Is a plan for lmza commpression in pg_dump

Started by Stanislav Lackoalmost 17 years ago21 messages
#1Stanislav Lacko
lacko@spacesystems.sk
1 attachment(s)

Hi.

Is it in todo or in a plan to implement lmza commpression in pg_dump
backups?

Thanks

Stano
--
------------------------------------------------------------------------

Space Systems

*Mgr. Stano LACKO*

mobil: +421 908 175 753

fax.: +421 2 555 72 676

e-mail: lacko@spacesystems.sk <mailto:lacko@spacesystems.sk>

*Space Systems, s.r.o.*

Zámocká 30

811 01 Bratislava

www.spacesystems.sk <http://www.spacesystems.sk/&gt;

Attachments:

logo_space.gifimage/gif; name=logo_space.gifDownload
#2Bruce Momjian
bruce@momjian.us
In reply to: Stanislav Lacko (#1)
Re: Is a plan for lmza commpression in pg_dump

Stanislav Lacko wrote:

Hi.

Is it in todo or in a plan to implement lmza commpression in pg_dump
backups?

Nope, never heard anything about it.

--
Bruce Momjian <bruce@momjian.us> http://momjian.us
EnterpriseDB http://enterprisedb.com

+ If your life is a hard drive, Christ can be your backup. +

#3Dann Corbit
DCorbit@connx.com
In reply to: Bruce Momjian (#2)
Re: Is a plan for lmza commpression in pg_dump

-----Original Message-----
From: pgsql-hackers-owner@postgresql.org [mailto:pgsql-hackers-
owner@postgresql.org] On Behalf Of Bruce Momjian
Sent: Wednesday, February 04, 2009 3:28 PM
To: Stanislav Lacko
Cc: pgsql-hackers@postgresql.org
Subject: Re: [HACKERS] Is a plan for lmza commpression in pg_dump

Stanislav Lacko wrote:

Hi.

Is it in todo or in a plan to implement lmza commpression in pg_dump
backups?

Nope, never heard anything about it.

In case the PG group does get interested in insertion of compression
algorithms into PostgreSQL {it seems it could be useful in many
different areas}, the 7zip format seems to be excellent in a number of
ways.

Here is an interesting benchmark that shows 7z format winning a large
area of the "optimal compressors" performance graph:
http://users.elis.ugent.be/~wheirman/compression/

The LZMA SDK is granted to the public domain:
http://www.7-zip.org/sdk.html

Unfortunately LZOP (which wins the top half of the "optimal compressors"
graph where the compression and decompression speed is more important
than amount of compression) does not have a liberal license.
http://www.lzop.org/

#4Andrew Chernow
ac@esilo.com
In reply to: Dann Corbit (#3)
Re: Is a plan for lmza commpression in pg_dump

Dann Corbit wrote:

The LZMA SDK is granted to the public domain:
http://www.7-zip.org/sdk.html

I played with this but found the SDK extremely confusing and flat out horrible.
One personal dislike was the unnecessary use of C++; although it was the
horrible API that turned me off.

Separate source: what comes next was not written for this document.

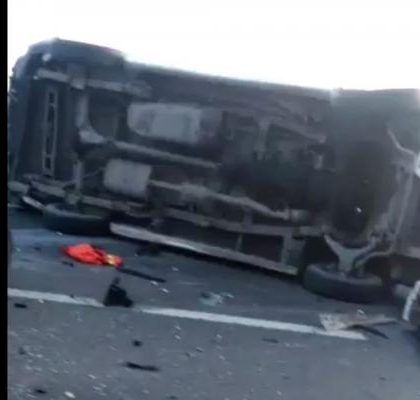 Reportan volcadura de camión en la autopista Texcoco-Lechería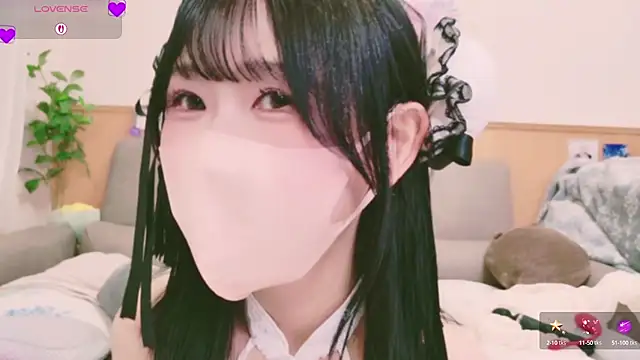 Snapshot of Conatsu chatting on 09.27.25 Conatsu online show from 09.27.25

I'm not even sure if I ever got a test program
working.

LZO (http://www.oberhumer.com/opensource/lzo/) is a great algorithm, easy API
with many variants; my fav is LZO1X-1(15). Its known for its compresison and
decompresison speeds ... its blazing fast. zlib typically gets 5-8% more
compression.

--
Andrew Chernow
eSilo, LLC
every bit counts
http://www.esilo.com/

#5daveg
daveg@sonic.net
In reply to: Andrew Chernow (#4)
Re: Is a plan for lmza commpression in pg_dump

On Wed, Feb 04, 2009 at 10:23:17PM -0500, Andrew Chernow wrote:

Dann Corbit wrote:

The LZMA SDK is granted to the public domain:
http://www.7-zip.org/sdk.html

I played with this but found the SDK extremely confusing and flat out
horrible. One personal dislike was the unnecessary use of C++; although it
was the horrible API that turned me off. I'm not even sure if I ever got a
test program working.

LZO (http://www.oberhumer.com/opensource/lzo/) is a great algorithm, easy
API with many variants; my fav is LZO1X-1(15). Its known for its
compresison and decompresison speeds ... its blazing fast. zlib typically
gets 5-8% more compression.

LZO rocks. I wonder if the lzo developer would consider a license exception
so that postgresql could use it? What would we need?

-dg

--
David Gould daveg@sonic.net 510 536 1443 510 282 0869
If simplicity worked, the world would be overrun with insects.

#6Andrew Dunstan
andrew@dunslane.net
In reply to: daveg (#5)
Re: Is a plan for lmza commpression in pg_dump

daveg wrote:

On Wed, Feb 04, 2009 at 10:23:17PM -0500, Andrew Chernow wrote:

Dann Corbit wrote:

The LZMA SDK is granted to the public domain:
http://www.7-zip.org/sdk.html

I played with this but found the SDK extremely confusing and flat out
horrible. One personal dislike was the unnecessary use of C++; although it
was the horrible API that turned me off. I'm not even sure if I ever got a
test program working.

LZO (http://www.oberhumer.com/opensource/lzo/) is a great algorithm, easy
API with many variants; my fav is LZO1X-1(15). Its known for its
compresison and decompresison speeds ... its blazing fast. zlib typically
gets 5-8% more compression.

LZO rocks. I wonder if the lzo developer would consider a license exception
so that postgresql could use it? What would we need?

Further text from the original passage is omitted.